*HOW TO COMPLETE THIS TASK*
From the entries below, return exactly the lines beginning at the one that contains "Volkswagen Key Case" and ending at the one that contains "Handbag - Image 19", both of them included, and only those lines.

Items listed in a dataset
>>>
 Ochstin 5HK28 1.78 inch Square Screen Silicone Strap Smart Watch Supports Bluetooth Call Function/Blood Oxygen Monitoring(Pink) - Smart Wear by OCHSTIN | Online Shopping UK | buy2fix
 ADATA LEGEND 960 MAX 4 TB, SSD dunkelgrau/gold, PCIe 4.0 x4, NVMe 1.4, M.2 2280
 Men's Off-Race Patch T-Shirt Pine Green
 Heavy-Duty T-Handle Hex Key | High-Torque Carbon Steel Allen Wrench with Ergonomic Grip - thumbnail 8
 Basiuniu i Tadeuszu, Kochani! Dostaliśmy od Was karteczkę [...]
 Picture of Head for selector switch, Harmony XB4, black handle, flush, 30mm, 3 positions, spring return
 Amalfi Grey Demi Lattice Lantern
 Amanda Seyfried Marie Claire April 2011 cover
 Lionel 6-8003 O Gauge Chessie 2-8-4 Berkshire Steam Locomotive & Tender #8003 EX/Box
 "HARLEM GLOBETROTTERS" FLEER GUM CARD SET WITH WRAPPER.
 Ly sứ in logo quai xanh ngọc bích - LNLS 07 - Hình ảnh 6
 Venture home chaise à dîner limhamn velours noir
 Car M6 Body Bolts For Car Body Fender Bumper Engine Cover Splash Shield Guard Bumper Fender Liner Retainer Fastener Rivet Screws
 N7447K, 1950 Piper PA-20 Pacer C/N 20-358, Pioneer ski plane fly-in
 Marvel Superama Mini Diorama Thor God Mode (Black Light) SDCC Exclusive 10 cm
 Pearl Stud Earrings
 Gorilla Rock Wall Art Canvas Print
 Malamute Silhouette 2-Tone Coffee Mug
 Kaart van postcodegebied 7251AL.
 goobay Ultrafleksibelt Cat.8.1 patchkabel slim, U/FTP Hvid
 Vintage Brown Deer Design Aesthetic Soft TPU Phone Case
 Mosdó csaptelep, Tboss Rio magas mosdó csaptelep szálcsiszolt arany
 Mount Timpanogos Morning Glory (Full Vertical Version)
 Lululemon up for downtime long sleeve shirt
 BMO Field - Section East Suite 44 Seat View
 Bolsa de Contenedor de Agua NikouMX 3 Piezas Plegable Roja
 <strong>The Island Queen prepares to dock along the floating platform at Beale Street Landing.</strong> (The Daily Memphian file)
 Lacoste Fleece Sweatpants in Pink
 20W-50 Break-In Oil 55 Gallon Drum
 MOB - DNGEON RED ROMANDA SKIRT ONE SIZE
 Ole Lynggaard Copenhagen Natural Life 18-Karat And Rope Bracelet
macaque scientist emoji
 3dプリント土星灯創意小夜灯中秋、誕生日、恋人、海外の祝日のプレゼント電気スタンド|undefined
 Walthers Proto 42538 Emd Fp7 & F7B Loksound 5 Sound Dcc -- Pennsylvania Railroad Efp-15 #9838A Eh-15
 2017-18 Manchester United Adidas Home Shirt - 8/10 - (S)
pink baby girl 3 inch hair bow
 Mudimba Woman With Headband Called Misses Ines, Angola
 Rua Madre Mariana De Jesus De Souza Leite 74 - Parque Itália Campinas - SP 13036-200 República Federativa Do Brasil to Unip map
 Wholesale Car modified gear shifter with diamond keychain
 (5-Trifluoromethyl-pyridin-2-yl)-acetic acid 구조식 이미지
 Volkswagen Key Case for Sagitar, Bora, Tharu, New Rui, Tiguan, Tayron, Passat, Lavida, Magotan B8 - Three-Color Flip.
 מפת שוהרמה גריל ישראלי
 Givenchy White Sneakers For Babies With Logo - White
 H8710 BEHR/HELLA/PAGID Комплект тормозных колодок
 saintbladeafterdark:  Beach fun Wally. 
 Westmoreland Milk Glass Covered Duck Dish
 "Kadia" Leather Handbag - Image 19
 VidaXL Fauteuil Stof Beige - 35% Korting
<<<
*SOLUTION FOR THIS EXERCISE*
 Volkswagen Key Case for Sagitar, Bora, Tharu, New Rui, Tiguan, Tayron, Passat, Lavida, Magotan B8 - Three-Color Flip.
 מפת שוהרמה גריל ישראלי
 Givenchy White Sneakers For Babies With Logo - White
 H8710 BEHR/HELLA/PAGID Комплект тормозных колодок
 saintbladeafterdark:  Beach fun Wally. 
 Westmoreland Milk Glass Covered Duck Dish
 "Kadia" Leather Handbag - Image 19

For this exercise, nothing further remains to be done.